# WHAT YOU WILL DO
Everything from the line with "OBKLAD VILAR ALBARO" to the last line of the listing must be retyped exactly, both ends included, with the pictures dropped.

MATERIALS PROVIDED START

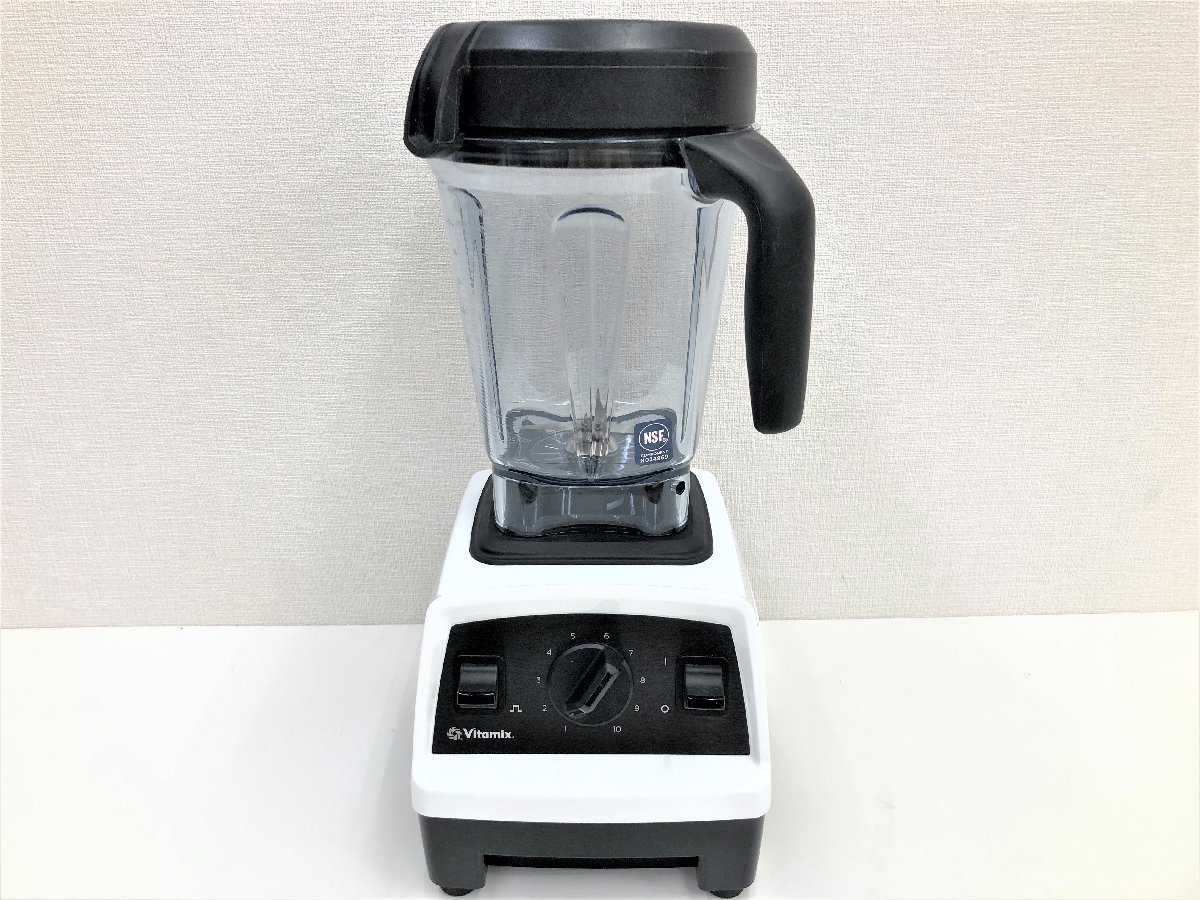 △二宮店△【中古品】8-82 Vitamix バイタミックス VM0202 ミキサー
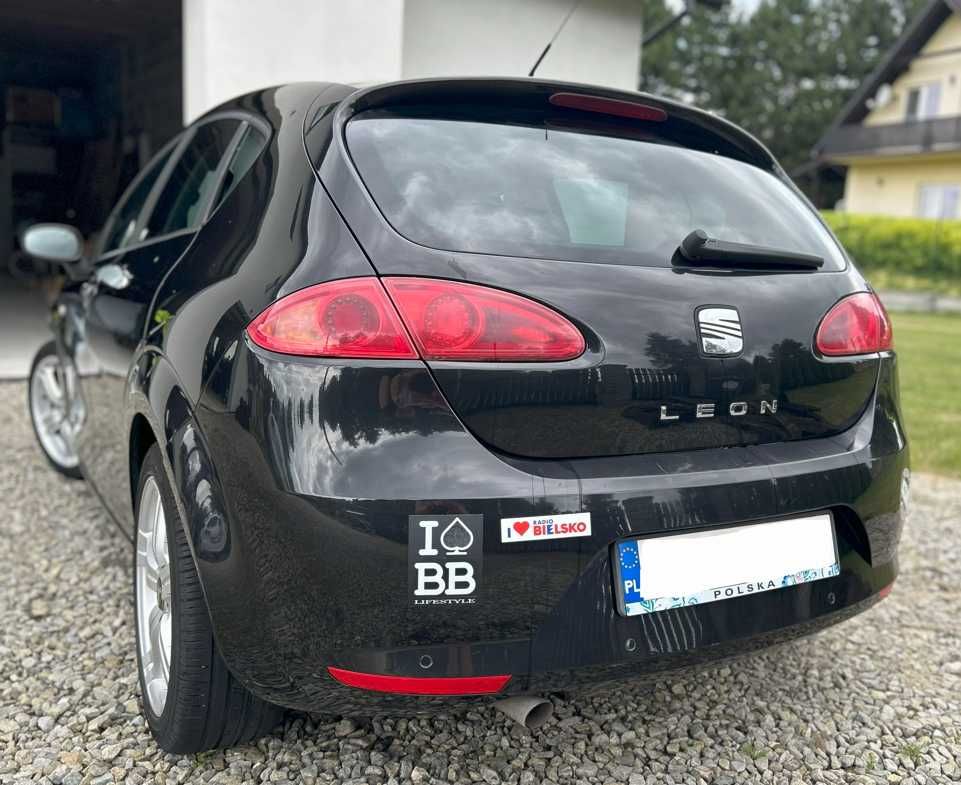 Seat Leon 2 - 2008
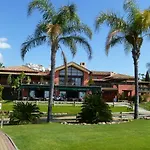 公寓 Casa La Terrazza Arqueros 贝纳阿维斯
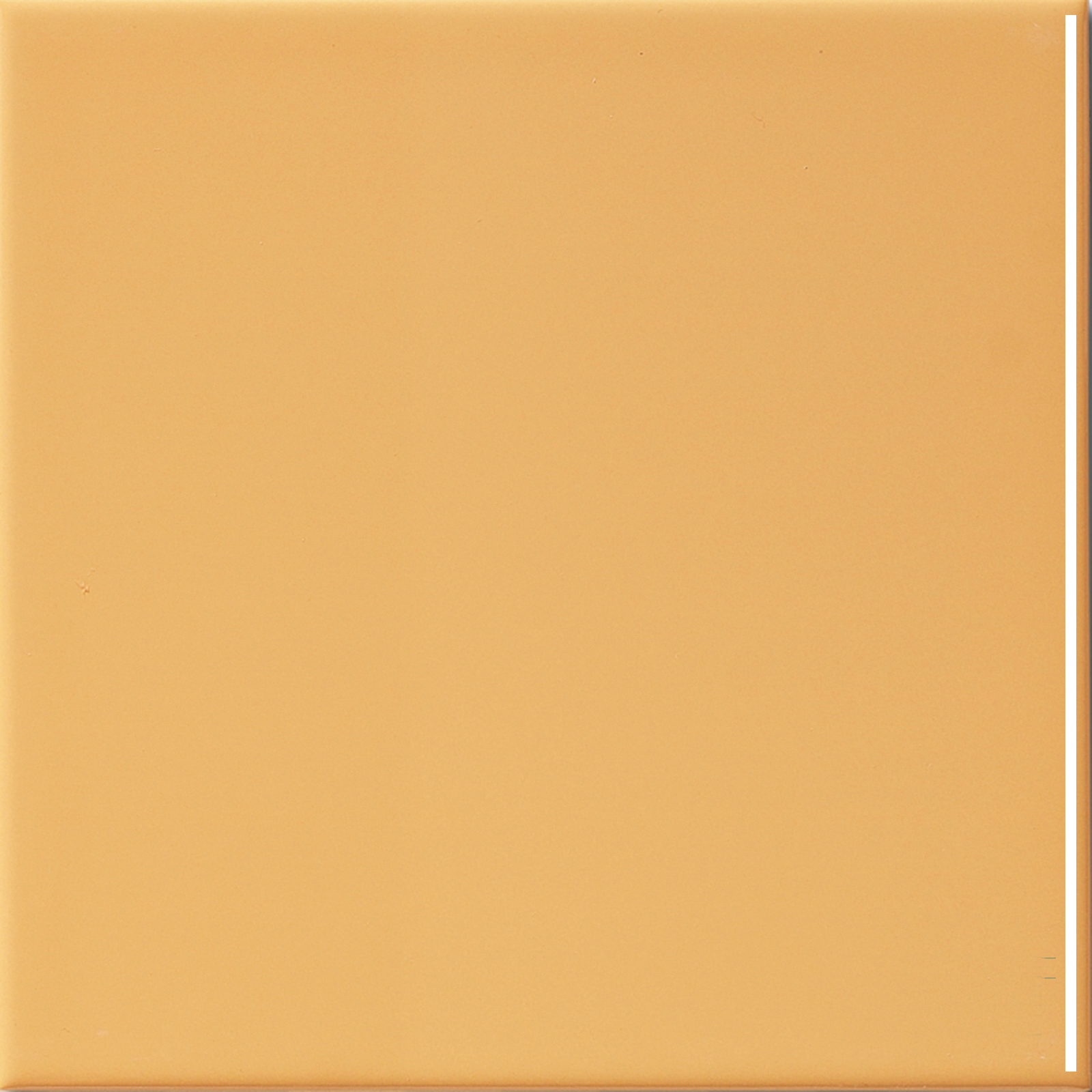 OBKLAD VILAR ALBARO VA MONOCOLOR MOSTAZA LISO GLOSSY 20X20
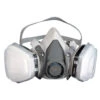 3M Respirator 1 3M Respirator -Dip Your Cars 3m mask 2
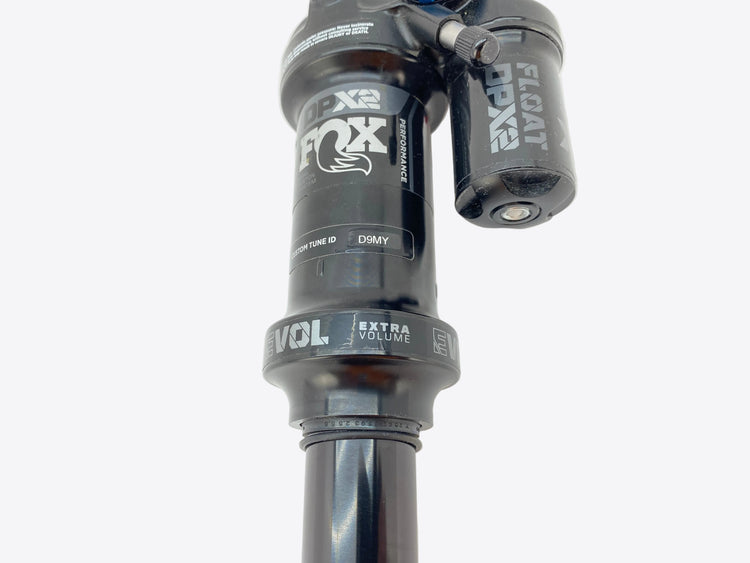 close up of the air can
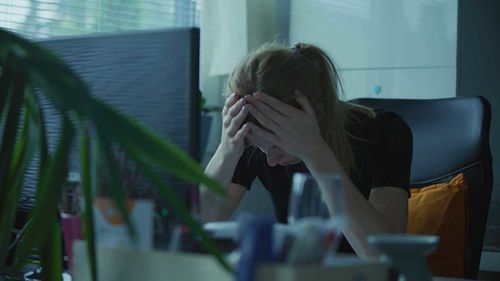 Almost half of Australian employees aren't happy at work, new research has found.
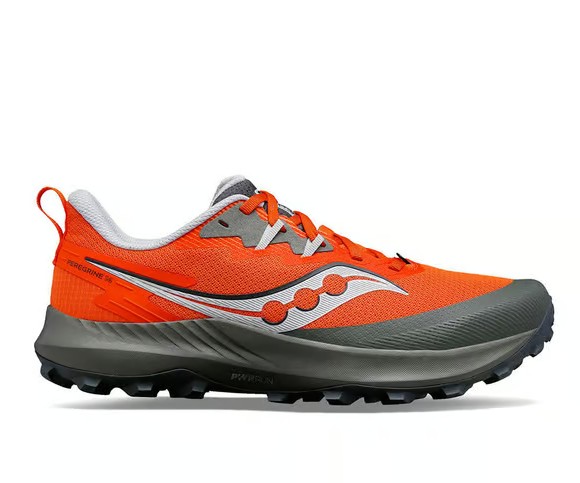 Saucony peregrine 14 en Oferta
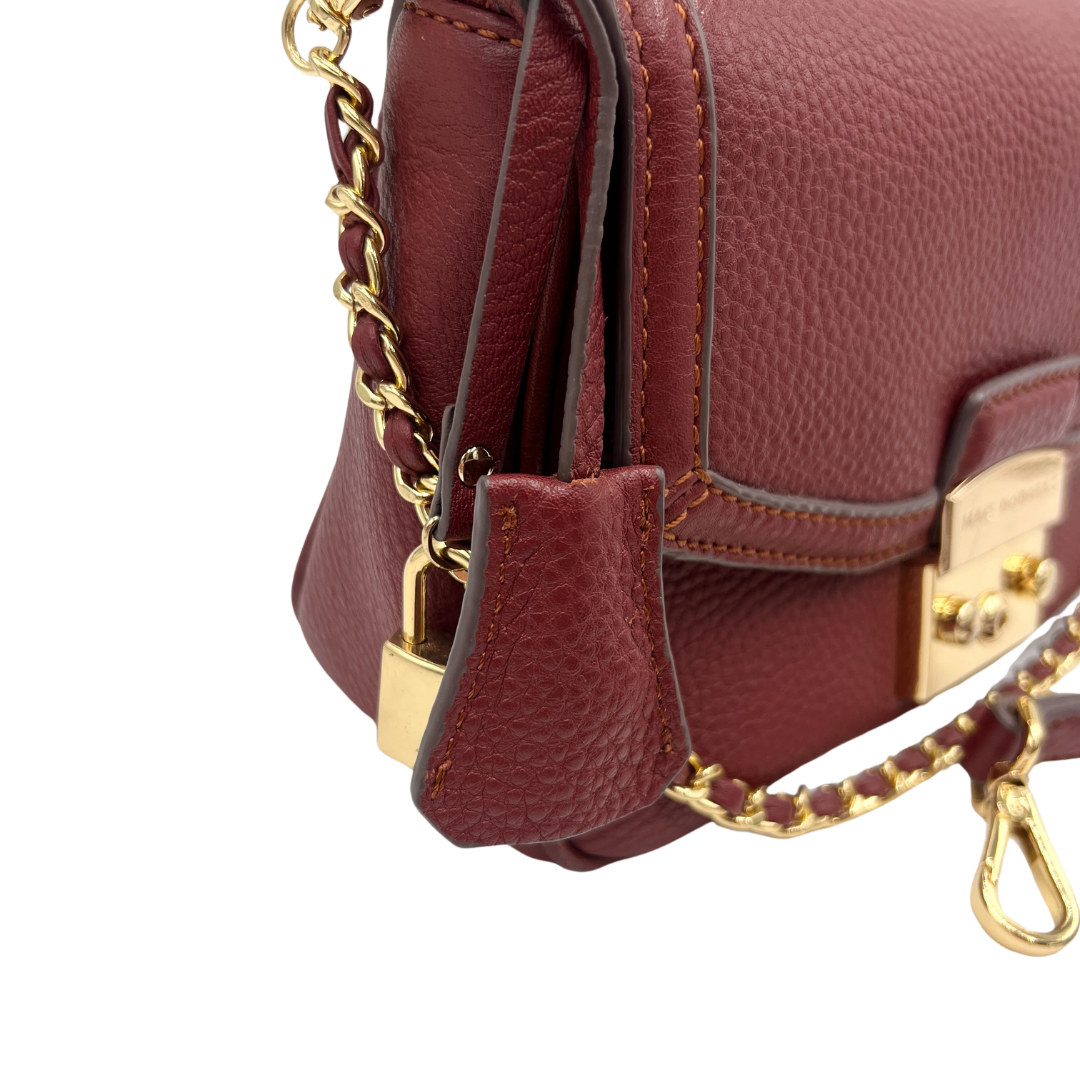 Sac à bandoulière Medan Romy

MATERIALS PROVIDED END

# WRITTEN ANSWER
 OBKLAD VILAR ALBARO VA MONOCOLOR MOSTAZA LISO GLOSSY 20X20
 3M Respirator 1 3M Respirator -Dip Your Cars 3m mask 2
 close up of the air can
 Almost half of Australian employees aren't happy at work, new research has found.
 Saucony peregrine 14 en Oferta
 Sac à bandoulière Medan Romy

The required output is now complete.